Del ultrafraccionamiento de la moneda

La debacle económica está muy bien ilustrada por un fenómeno sin precedentes, por lo menos, en la Venezuela contemporánea: la del radical e incesante fraccionamiento que no, contaminado el lenguaje, fraccionalización, de la moneda de curso legal. E, incluso, solemos perder la idea misma de la unidad monetaria en cada marejada inflacionaria.

El precio básico de una pieza de pan, de la transportación pública, de una llamada telefónica o de un caramelo, se ofrece como insustituible marcador de la vida económica cotidiana. La golosina que, décadas atrás, costaba menos de cinco céntimos (la otrora y nunca bien ponderada “puya”), ha ascendido hoy a un mil bolívares (en realidad, un millón de bolívares), burlándose abiertamente de las políticas oficiales que, en venganza, la hará desaparecer aun tratándose de  la  doméstica o artesanalmente elaborada para las faenas de una buhonería desesperada, ambulante y de mera supervivencia.

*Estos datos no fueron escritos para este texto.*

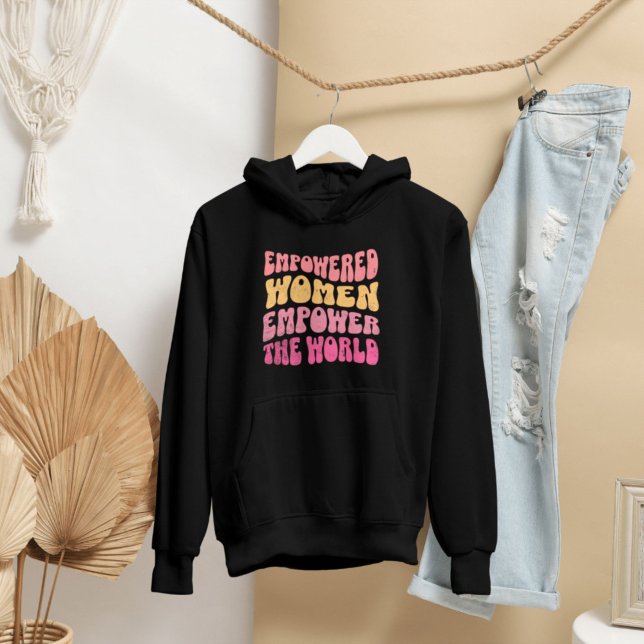 Camiseta Mulheres empoderadas capacitam o mundo feminista (female empowerment black feminist hoodie)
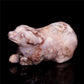 4" Pink Amethyst Crystal Dog Figurine Quartz Animal Carvings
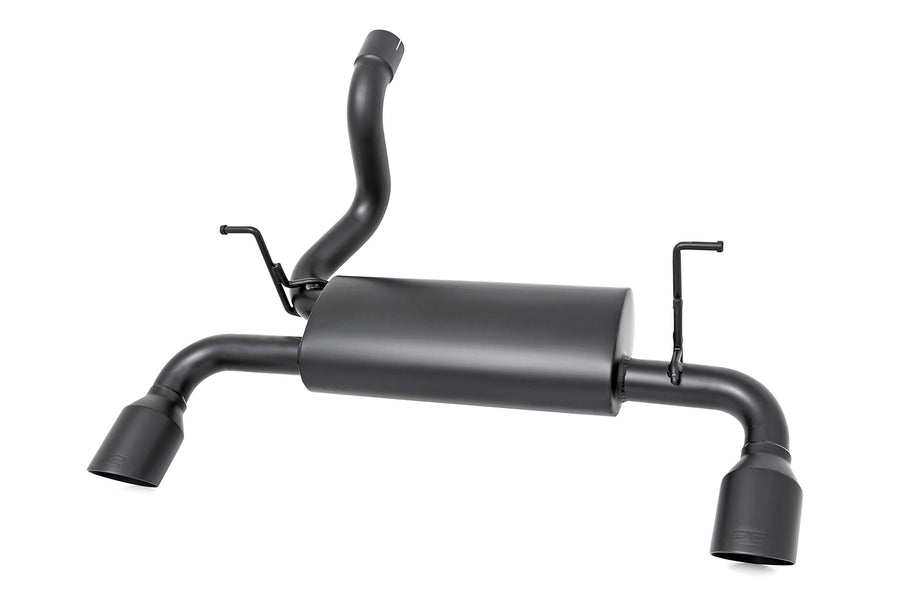 Rough Country Performance Black Dual Outlet Exhaust for 18-25 Jeep JL - 96003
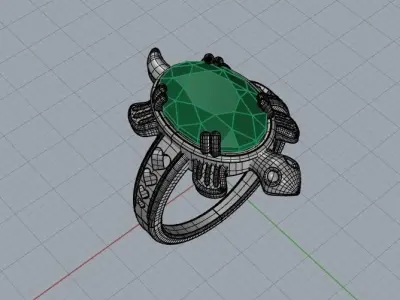 Turtle Ring 3D print model 3D print model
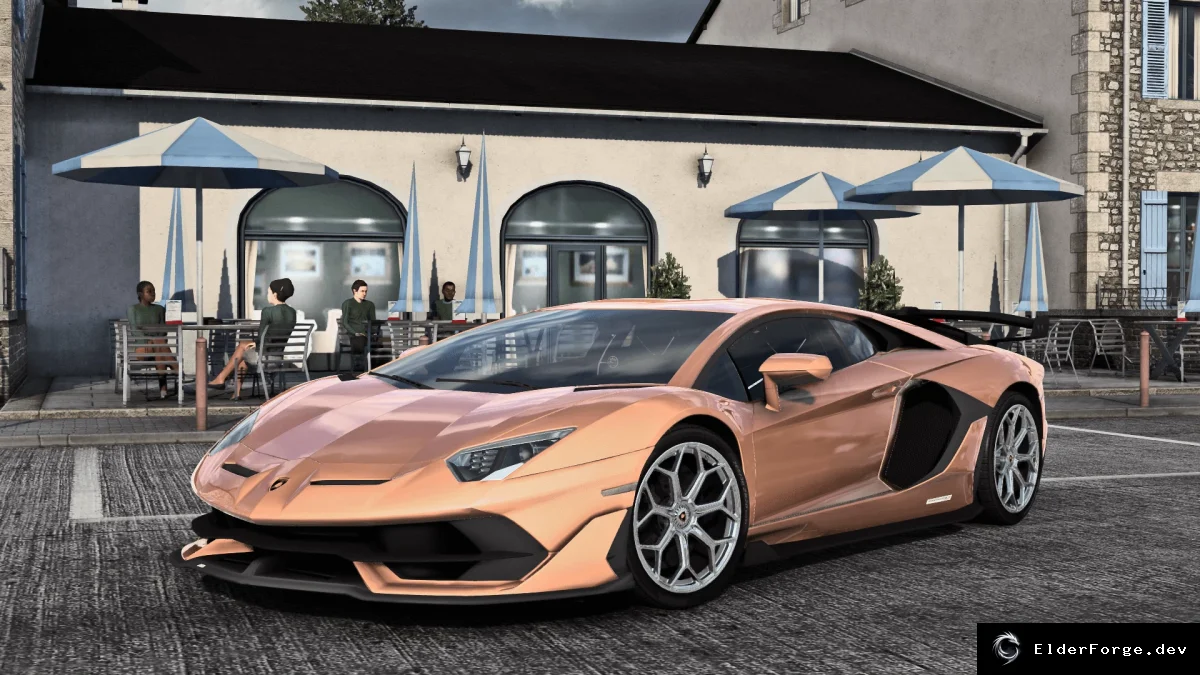 Обложка мода: Lamborghini Aventador SVJ 2018 для Euro Truck Simulator 2 – полные кастомизации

Así, el bolívar realmente no está dividido en cien partes, porque cada vez se aleja más del céntimo como noción esencial, fragmentándose infinitamente. El numeral partitivo ha doblegado cualesquiera billetes de 20, 50 y 100 bolívares, prometiendo relegar muy pronto  al orondo papel moneda de cien mil bolívares (cien millones de bolívares).  De la centésima galopamos a  la millonésima que muy bien pueden disfrazar las transacciones electrónicas que aspira a monopolizar el Estado a través del llamado Carnet de a Patria, convertido también en medio de pago, quizá algo inédito en las experiencias socialistas de todo el planeta.

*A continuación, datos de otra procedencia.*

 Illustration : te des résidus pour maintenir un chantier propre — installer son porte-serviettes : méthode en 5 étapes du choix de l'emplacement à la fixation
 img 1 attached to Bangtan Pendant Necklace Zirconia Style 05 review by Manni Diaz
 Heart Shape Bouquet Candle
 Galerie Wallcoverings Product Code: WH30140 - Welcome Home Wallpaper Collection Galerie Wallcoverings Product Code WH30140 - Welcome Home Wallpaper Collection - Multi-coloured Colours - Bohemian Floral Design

Precisamente, el ultrafraccionamiento de la moneda, por lo demás, sin el debido y aconsejable respaldo, por cierto, pretendiendo repletar las reservas internacionales con divisas igualmente tan abatidas como el bolívar mismo, se une a la tecnología ya apenas disponible, para liquidar – excepto el ideado por la dictadura –  todo medio de pago y, faltando poco, todo tráfico mercantil.  Sin embargo, no nos engañemos, pues, la liquidación no se debe al deliberado y exitoso propósito de sustituir las relaciones capitalistas más elementales, por otras de una superior racionalidad, comprobada eficacia y convencida equidad.

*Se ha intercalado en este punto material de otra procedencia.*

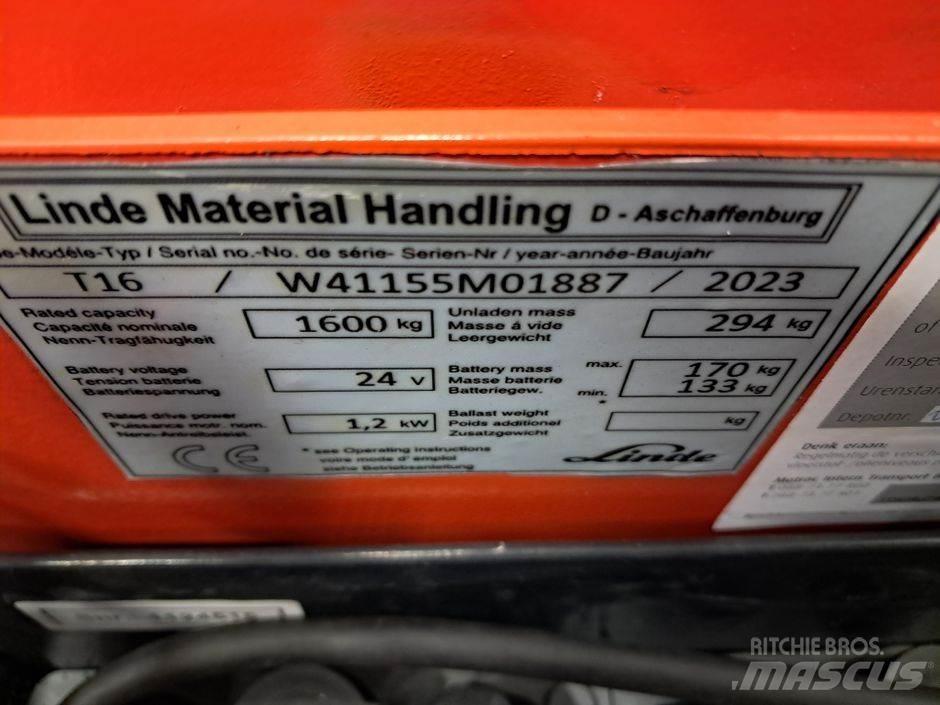 Linde T16 Transpallet manuale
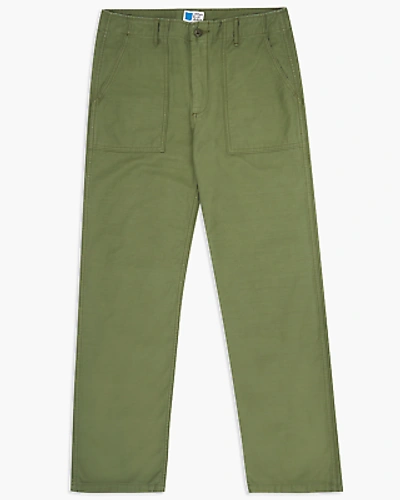JAPAN BLUE JAPAN BLUE REGULAR STRAIGHT MODERN MILITARY BAKER PANT - OLIVE OD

Al contrario, haciendo mil veces más pobres a los pobres, ha fracasado estruendosamente no sólo por la concepción de sus políticas económicas, sino por la propia gestión, instrumentación u operatividad que, al traducirse en novedosos modos delictivos, propios de un Estado – cada vez – más nominal, en proporción a su gigantismo, nos ha devuelto, asaltándola, a la premodernidad.  Queda muy atrás la peregrina ocurrencia de Chávez Frías sobre las fichas llamadas a sustituir a la moneda de curso legal que, ahora, sin un decimal respetable, simboliza muy bien el desastre de un siglo XXI que se dijo prometedor.